Easter has gone by and if you celebrate it, I hope you had fun celebrating with your family. In my last blog I discussed that Easter is not always a treat for data scientist because it's a moving holiday. In this article, I would like to introduce you to:
All these stories relate to date interval length calculations that involve movable holidays. You will see how easy it is to perform complex calculations and data preparation with movable dates like Easter or point-in-time definitions like "the first full weekend in February."
I met my friend George after Easter. He got married two years ago and has a very good marriage. After a few drinks however he admits that spending time with the family of his wife, especially his mother-in-law, is not the most ideal. Fortunately this only happens twice a year, at Easter and Christmas.

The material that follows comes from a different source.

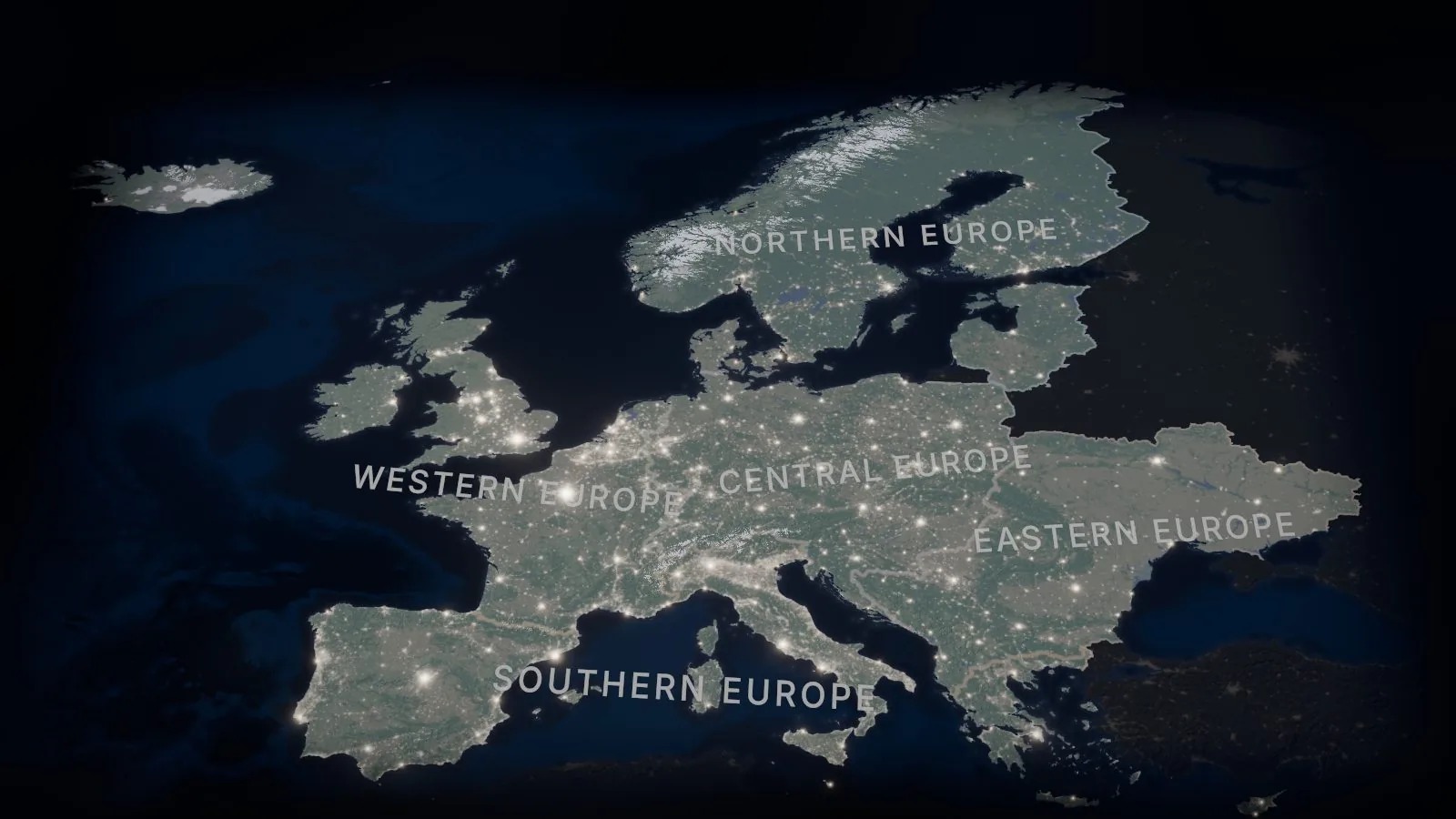 The night map split into five regions
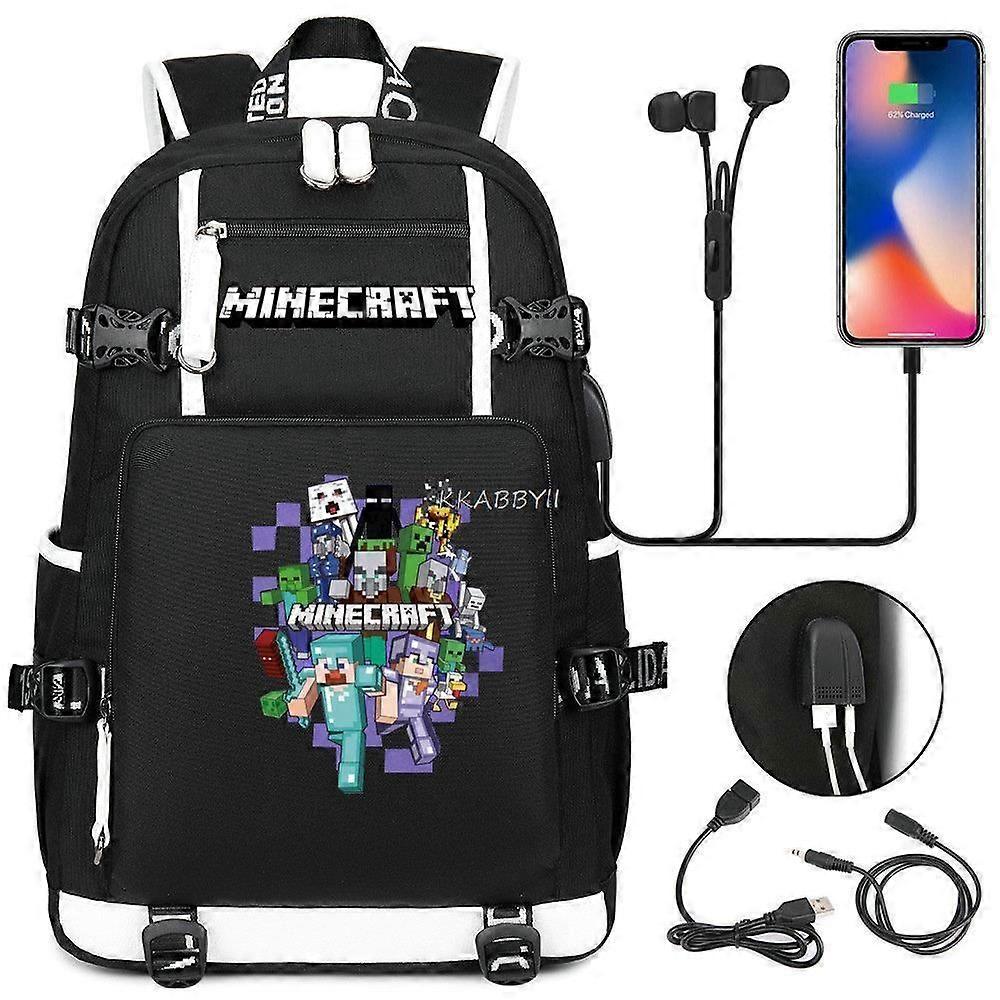 Minecraft Σακίδια πλάτης Καμβάς Άνδρες Wome Travel Μαθητές Σχολική τσάντα Casual Για Πεζοπορία Ταξίδι Κάμπινγκ Σακίδιο Big Mochilas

George says that his most enjoyable years are those with a long time span between Easter and Christmas and with a short visit from his parents-in-law at Christmas. However as both time intervals depend on movable dates, it's hard to calculate this for future years.
SAS won't be able to change the attitude of his mother-in-law. But we can easily calculate the length of the time interval when George doesn't have to see her.
The following SAS program calculates the "relaxing time interval" for George between Easter and Christmas. It also calculates the number of days his parents-in-law stay with them for Christmas.
data mother_in_law_free_interval;
format Year 8.
EasterSunday date9.
SatBefore2412 weekdatx.;
do Year = 2019 to 2030;
SatBefore2412 = intnx('week.7',mdy(12,23,year),0);
EasterSunday = holiday('EASTER',year);
RelaxingDays = SatBefore2412-EasterSunday;
RelaxingWeeks = intck('WEEK',EasterSunday,SatBefore2412)+1;
DaysXmas = mdy(12,26,year) - SatBefore2412 + 1;
output;
end;
run;
The following table shows that in 2019 there are only 35 weeks between Easter and Christmas. The Saturday before Christmas is Dec 21st which means that Georges family-in-law will stay for 6 days from Dec 21st to Dec 26th.
2022 looks like a hard year for George where the number of relaxing weeks is low and he has them in his house for the maximum of 10 days around Christmas. 2023 looks much better, George!
Joanna is a lecturer at a business school in northern Germany. She only teaches in the winter term which ends on the last Saturday in January. The first full weekend in February is therefore the earliest date when she can be home in Austria and start the skiing season. Many ski lifts in Austria operate until Monday after Easter. So depending on the effective Easter date, Joanna has a varying number of weekends available for skiing every year.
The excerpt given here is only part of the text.